Foreign Aid Shocks as a Cause of Violent Armed Conflict
By Richard A. Nielsen, Michael G. Findley, Zachary S. Davis, Tara Candland, and Daniel L. Nielson
Published in American Journal of Political Science in April 2011.
In this study we resolve part of the confusion over how foreign aid affects armed conflict. We argue that aid shocks—severe decreases in aid revenues—inadvertently shift the domestic balance of power and potentially induce violence. During aid shocks, potential rebels gain bargaining strength vis-à-vis the government. To appease the rebels, the government must promise future resource transfers, but the government has no incentive to continue its promised transfers if the aid shock proves to be temporary. With the government unable to credibly commit to future resource transfers, violence breaks out. Using AidData's comprehensive dataset of bilateral and multilateral aid from 1981 to 2005, we evaluate the effects of foreign aid on violent armed conflict. In addition to rare-event logit analysis, we employ matching methods to account for the possibility that aid donors anticipate conflict. The results show that negative aid shocks significantly increase the probability of armed conflict onset.
Can Peace Be Purchased? A Sectoral-Level Analysis of Aid’s Influence on Transnational Terrorism
By Joseph K. Young and Michael Findley
Published in Public Choice in December 2011.
We examine whether foreign aid decreases terrorism, by analyzing whether aid targeted at specific sectors, such as education, is more effective than others. We use the most comprehensive databases on foreign aid and transnational terrorism, AidData and ITERATE, rather than the relatively small samples used in most previous studies, and provide a series of statistical tests. Our results indicate that foreign aid decreases terrorism especially when targeted towards sectors such as education, health, civil society, and conflict prevention. These sector-level results indicate that foreign aid can be an effective instrument in fighting terrorism, if targeted in the right ways.
World Development Special Issue: Expanding Our Understanding of Aid with a New Generation of Development Finance Information
In November 2011, World Development will publish a special journal issue featuring new research that relies upon AidData as its primary source of aid information. The special issue represents an effort to study aid allocation and aid impact with new evidence that was previously unavailable. It will feature twelve articles from scholars such as Homi Kharas from the Brookings Institution and William Easterly, author of The White Man's Burden. These articles included in the special issue explore a wide variety of topics, such as benchmarking donor transparency practices, the effectiveness of health and education assistance, and aid's impact on violent armed conflict.

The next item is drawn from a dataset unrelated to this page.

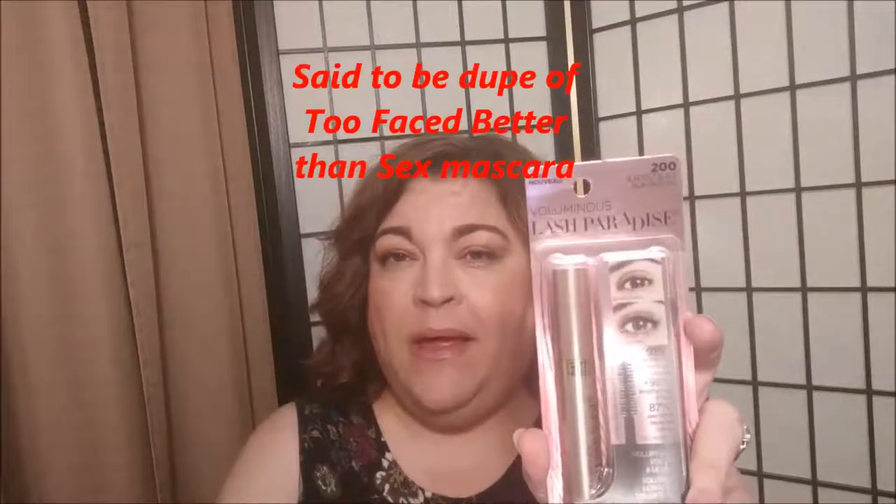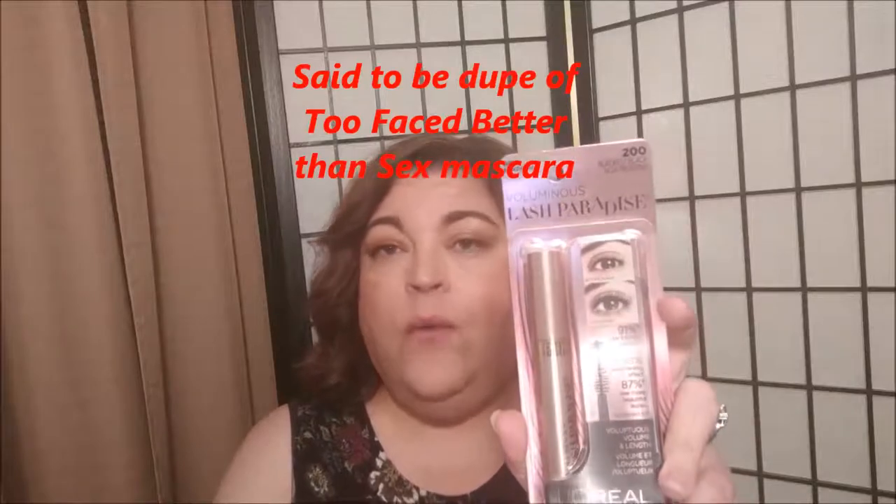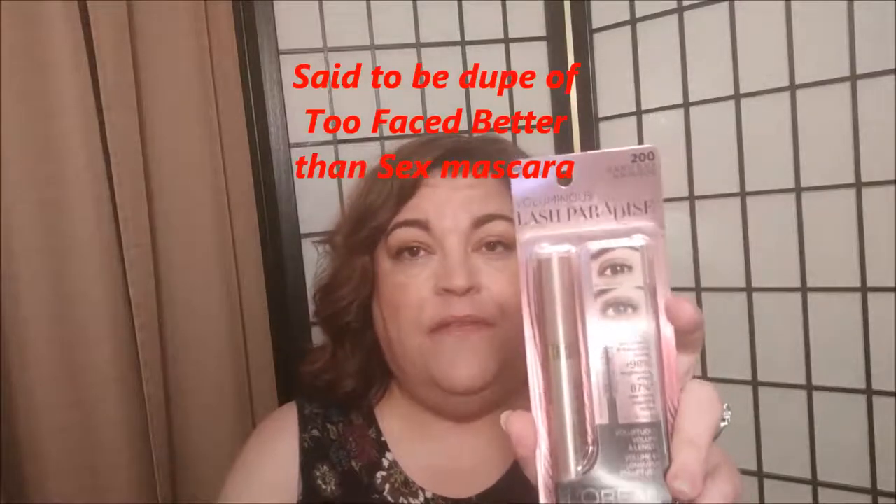Okay, first thing here is the Voluminous Lash Paradise. This has been quite hyped on YouTube so I wanted to give this a try. I won't be using it right away because I have a tube of the one I'm currently using, but this will be the next in line — unless I get impatient and open it up right away.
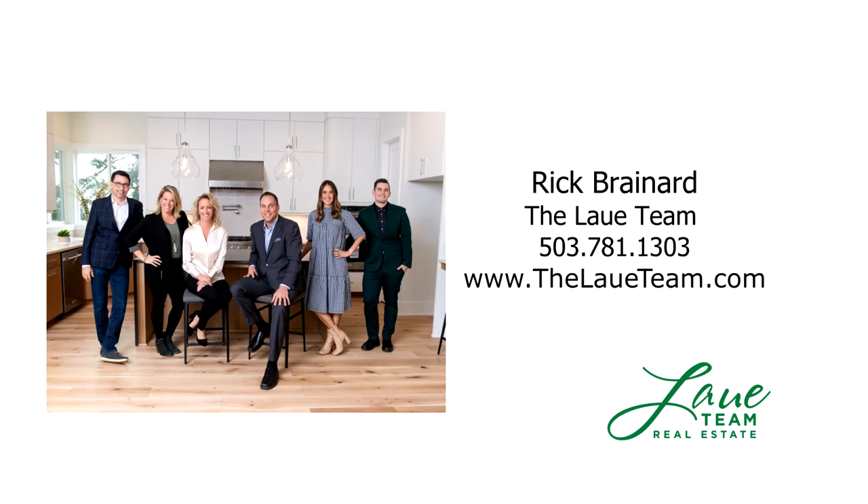For more information or to schedule your own personal tour, please contact Rick Brainerd with Premier Property Group.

Controlling Coalitions: Social Lending at the Multilateral Development Banks
By Mona Lyne, Daniel Nielson, and Michael Tierney
Published in the Review of International Organizations in December 2009. Abstract: Multilateral development banks (MDBs) dramatically increased social lending for health, education, and safety nets after 1985. Yet the great powers’ social policy preferences remained relatively static from 1980 to 2000. This contradicts the conventional view that powerful states control IOs. We argue that highly institutionalized IOs like MDBs require a complete model of possible member-state coalitions encompassing the preferences of all member states—not just major powers. We develop multiple measures of state preferences and include all member states in our coalitional model. We evaluate our model and alternatives with an analysis of more than 10,000 MDB loans from 1980 to 2000. We find that when we include all member states weighted by their voting shares, principal preferences are significantly related to lending outcomes.
AidData featured on the Cover of Environment Magazine
By J. Timmons Roberts, Bradley Parks, Michael Tierney, and Robert Hicks
AidData, formerly known as PLAID, is featured on the front cover of environment magazine. Since the first major international conference on environment and development in Stockholm in 1972, environmentalists, voters, and policymakers in the developed world have faced a vexing dilemma: with some of the richest stores of biodiversity, natural resources, and carbon located in developing countries, the greatest potential for damage to the global environment resides in places outside the sovereign control of the countries most able, financially speaking, to prevent it.
Greening Aid? Understanding the Environmental Impact of Development Assistance
By Robert L. Hicks, Bradley C. Parks, J. Timmons Roberts, and Michael J. Tierney
Every year, billions of dollars of environmental aid flow from the rich governments of the North to the poor governments of the South. Why do donors provide this aid? What do they seek to achieve? How effective is the aid given? And does it always go to the places of greatest environmental need? All of these questions and many more are addressed in this groundbreaking text, which is based on the authors' work compiling the most comprehensive dataset of foreign aid ever assembled.